§ **Work task**
Starting with the line containing "3 Photograph of" and going on through the line containing "Aviation Part SA102A100KAATA", return the lines of the data below exactly, and only those.

----------

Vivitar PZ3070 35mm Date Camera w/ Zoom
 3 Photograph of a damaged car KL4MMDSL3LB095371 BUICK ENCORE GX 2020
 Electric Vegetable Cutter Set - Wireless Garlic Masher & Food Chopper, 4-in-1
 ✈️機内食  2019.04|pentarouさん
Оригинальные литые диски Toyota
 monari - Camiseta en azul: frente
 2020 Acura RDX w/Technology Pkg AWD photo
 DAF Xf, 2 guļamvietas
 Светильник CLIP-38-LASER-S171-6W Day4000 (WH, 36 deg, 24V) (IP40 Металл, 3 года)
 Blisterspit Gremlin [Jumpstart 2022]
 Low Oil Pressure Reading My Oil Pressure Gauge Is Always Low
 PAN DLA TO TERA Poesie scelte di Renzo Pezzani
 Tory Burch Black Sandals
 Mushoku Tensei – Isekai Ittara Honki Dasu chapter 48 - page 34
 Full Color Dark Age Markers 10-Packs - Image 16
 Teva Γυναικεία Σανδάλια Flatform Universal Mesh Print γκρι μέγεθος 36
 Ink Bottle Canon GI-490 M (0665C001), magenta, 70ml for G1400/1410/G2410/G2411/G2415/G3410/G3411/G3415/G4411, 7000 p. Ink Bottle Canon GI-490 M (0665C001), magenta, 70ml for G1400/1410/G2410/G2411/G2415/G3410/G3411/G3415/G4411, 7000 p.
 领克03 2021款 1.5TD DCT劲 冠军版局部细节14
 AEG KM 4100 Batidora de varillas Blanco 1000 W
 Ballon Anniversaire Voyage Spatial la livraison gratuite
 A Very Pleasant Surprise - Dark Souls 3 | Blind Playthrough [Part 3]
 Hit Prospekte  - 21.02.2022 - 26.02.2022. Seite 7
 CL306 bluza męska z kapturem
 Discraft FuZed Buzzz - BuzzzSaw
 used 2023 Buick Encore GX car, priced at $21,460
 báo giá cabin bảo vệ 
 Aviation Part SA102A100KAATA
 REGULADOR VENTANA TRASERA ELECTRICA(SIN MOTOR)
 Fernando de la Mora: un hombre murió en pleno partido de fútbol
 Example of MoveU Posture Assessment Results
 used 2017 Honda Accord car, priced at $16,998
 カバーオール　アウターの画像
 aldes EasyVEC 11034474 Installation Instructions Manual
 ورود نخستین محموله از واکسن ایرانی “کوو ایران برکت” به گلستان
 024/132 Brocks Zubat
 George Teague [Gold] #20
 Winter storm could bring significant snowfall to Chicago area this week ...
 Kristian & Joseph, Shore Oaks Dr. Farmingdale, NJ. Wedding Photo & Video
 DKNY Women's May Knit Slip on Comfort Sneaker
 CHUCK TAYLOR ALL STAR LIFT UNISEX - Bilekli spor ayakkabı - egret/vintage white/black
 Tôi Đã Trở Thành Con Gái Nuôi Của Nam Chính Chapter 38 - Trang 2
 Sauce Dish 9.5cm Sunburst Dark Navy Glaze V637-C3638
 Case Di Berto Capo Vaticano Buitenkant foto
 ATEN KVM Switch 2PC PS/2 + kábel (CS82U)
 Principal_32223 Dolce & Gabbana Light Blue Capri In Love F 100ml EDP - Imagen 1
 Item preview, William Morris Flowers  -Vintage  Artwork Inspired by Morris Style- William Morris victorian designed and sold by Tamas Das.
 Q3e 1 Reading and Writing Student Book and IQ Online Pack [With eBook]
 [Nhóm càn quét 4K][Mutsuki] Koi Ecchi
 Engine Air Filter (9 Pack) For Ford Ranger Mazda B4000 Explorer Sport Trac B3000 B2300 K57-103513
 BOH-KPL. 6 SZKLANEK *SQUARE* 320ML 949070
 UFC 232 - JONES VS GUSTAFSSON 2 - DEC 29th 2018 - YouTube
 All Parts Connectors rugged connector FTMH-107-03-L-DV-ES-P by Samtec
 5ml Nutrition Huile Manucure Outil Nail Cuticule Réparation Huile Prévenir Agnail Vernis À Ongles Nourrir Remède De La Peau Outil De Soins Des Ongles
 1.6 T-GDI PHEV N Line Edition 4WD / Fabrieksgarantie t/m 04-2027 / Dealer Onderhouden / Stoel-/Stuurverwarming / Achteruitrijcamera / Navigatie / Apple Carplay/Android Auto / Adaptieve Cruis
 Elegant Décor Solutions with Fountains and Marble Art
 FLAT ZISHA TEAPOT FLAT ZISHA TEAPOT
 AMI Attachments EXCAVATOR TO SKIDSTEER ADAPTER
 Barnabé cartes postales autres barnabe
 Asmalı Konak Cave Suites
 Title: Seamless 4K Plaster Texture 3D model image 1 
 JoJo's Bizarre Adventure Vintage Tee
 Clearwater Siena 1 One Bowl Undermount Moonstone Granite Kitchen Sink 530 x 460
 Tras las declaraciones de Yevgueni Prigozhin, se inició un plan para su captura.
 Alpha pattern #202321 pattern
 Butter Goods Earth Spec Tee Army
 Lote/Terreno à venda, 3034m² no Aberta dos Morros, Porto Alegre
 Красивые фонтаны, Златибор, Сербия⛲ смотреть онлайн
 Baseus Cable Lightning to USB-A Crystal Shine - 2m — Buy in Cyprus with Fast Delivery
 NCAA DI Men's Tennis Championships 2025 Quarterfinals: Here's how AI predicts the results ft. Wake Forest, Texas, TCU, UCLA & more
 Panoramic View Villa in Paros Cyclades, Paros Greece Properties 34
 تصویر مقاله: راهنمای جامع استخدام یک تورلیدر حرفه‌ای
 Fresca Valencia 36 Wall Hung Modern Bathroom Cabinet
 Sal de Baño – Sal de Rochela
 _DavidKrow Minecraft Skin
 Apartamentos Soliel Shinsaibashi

----------

§ **Written solution**
 3 Photograph of a damaged car KL4MMDSL3LB095371 BUICK ENCORE GX 2020
 Electric Vegetable Cutter Set - Wireless Garlic Masher & Food Chopper, 4-in-1
 ✈️機内食  2019.04|pentarouさん
Оригинальные литые диски Toyota
 monari - Camiseta en azul: frente
 2020 Acura RDX w/Technology Pkg AWD photo
 DAF Xf, 2 guļamvietas
 Светильник CLIP-38-LASER-S171-6W Day4000 (WH, 36 deg, 24V) (IP40 Металл, 3 года)
 Blisterspit Gremlin [Jumpstart 2022]
 Low Oil Pressure Reading My Oil Pressure Gauge Is Always Low
 PAN DLA TO TERA Poesie scelte di Renzo Pezzani
 Tory Burch Black Sandals
 Mushoku Tensei – Isekai Ittara Honki Dasu chapter 48 - page 34
 Full Color Dark Age Markers 10-Packs - Image 16
 Teva Γυναικεία Σανδάλια Flatform Universal Mesh Print γκρι μέγεθος 36
 Ink Bottle Canon GI-490 M (0665C001), magenta, 70ml for G1400/1410/G2410/G2411/G2415/G3410/G3411/G3415/G4411, 7000 p. Ink Bottle Canon GI-490 M (0665C001), magenta, 70ml for G1400/1410/G2410/G2411/G2415/G3410/G3411/G3415/G4411, 7000 p.
 领克03 2021款 1.5TD DCT劲 冠军版局部细节14
 AEG KM 4100 Batidora de varillas Blanco 1000 W
 Ballon Anniversaire Voyage Spatial la livraison gratuite
 A Very Pleasant Surprise - Dark Souls 3 | Blind Playthrough [Part 3]
 Hit Prospekte  - 21.02.2022 - 26.02.2022. Seite 7
 CL306 bluza męska z kapturem
 Discraft FuZed Buzzz - BuzzzSaw
 used 2023 Buick Encore GX car, priced at $21,460
 báo giá cabin bảo vệ 
 Aviation Part SA102A100KAATA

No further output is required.